Now, the integration that needs to be done involves setting up a reliable connection with bluetooth, and then sending the aformentioned data between the paddle and game engine. We also need to see how the latencies affect transmission, so that we can tune the parameters as to how much of a buffer we need to allow for real-time transmission of the swing result. Once we work those out, we can gather the data on the raspberry pi to determine the swing type.

As for the CV, we are planning to leave that out until we get the IMU system integrated, as the CV is behind on the testing and integration onto the Jetson. If we get the IMU up and running soon, then we can consider re-integrating the CV.

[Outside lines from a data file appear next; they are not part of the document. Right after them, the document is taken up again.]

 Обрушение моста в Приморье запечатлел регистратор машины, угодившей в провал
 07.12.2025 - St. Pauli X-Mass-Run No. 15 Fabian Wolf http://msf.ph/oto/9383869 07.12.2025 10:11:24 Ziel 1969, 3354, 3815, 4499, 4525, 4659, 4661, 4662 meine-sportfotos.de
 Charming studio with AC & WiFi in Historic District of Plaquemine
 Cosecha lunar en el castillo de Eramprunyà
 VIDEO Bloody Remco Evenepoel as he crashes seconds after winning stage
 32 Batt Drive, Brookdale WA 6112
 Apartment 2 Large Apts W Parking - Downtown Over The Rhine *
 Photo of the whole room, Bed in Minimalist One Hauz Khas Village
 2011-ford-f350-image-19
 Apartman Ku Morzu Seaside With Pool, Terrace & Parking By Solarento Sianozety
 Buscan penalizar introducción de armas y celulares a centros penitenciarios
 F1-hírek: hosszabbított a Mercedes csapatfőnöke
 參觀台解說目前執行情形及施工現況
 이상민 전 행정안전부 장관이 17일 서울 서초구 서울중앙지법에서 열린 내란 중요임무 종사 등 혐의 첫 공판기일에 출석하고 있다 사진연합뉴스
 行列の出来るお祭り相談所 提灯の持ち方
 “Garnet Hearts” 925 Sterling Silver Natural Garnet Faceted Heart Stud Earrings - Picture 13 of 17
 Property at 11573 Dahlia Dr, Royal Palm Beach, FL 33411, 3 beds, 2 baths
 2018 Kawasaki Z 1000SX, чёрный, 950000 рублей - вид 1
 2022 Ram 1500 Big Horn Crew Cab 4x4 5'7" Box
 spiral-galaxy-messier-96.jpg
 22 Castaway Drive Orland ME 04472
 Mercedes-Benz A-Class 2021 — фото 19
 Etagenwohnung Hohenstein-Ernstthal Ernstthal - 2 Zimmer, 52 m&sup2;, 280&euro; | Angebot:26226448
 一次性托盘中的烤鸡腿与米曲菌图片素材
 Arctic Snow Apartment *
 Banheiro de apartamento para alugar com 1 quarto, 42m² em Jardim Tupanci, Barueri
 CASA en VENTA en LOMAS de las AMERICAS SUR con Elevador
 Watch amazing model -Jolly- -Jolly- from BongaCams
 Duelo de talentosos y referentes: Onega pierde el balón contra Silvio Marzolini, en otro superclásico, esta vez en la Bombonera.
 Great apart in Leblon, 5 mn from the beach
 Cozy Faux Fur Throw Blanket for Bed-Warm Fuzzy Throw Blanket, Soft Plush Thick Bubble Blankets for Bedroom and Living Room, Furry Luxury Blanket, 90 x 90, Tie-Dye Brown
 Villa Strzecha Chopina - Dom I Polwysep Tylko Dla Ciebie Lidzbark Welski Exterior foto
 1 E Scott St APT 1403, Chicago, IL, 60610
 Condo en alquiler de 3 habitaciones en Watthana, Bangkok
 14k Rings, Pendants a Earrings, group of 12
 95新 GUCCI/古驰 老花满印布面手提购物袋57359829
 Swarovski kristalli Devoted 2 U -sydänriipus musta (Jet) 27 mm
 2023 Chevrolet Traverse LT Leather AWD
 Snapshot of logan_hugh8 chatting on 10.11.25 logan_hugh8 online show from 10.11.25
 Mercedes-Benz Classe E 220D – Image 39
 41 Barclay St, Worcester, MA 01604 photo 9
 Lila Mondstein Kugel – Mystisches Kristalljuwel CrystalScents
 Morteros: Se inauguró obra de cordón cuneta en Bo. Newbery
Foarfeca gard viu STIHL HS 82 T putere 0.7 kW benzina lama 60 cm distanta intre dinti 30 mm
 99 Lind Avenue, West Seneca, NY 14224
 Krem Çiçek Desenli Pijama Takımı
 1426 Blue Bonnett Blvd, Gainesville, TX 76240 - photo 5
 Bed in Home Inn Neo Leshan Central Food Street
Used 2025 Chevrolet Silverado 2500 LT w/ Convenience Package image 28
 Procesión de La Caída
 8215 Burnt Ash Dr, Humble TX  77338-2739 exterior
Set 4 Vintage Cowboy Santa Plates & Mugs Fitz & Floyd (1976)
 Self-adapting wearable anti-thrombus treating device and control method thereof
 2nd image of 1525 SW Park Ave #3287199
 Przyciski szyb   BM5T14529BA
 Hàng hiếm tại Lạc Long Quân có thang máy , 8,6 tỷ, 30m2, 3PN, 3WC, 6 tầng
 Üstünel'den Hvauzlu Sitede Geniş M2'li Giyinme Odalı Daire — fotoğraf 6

The biggest risk is the same as it has been the past two weeks and that is the integration of the Jetson and the CV code.  The bluetooth connection between the Jetson and the game has not been set up yet, but Henry is going to try to get that done tomorrow, and Logan should have the CV code done by Monday.  However, we have a new contingency plan in case we are unable to integrate the CV code.  In this case, we would make the game similar to Wii Sports Tennis, where the paddle will follow the ball automatically and the game then becomes more timing and swing-type oriented.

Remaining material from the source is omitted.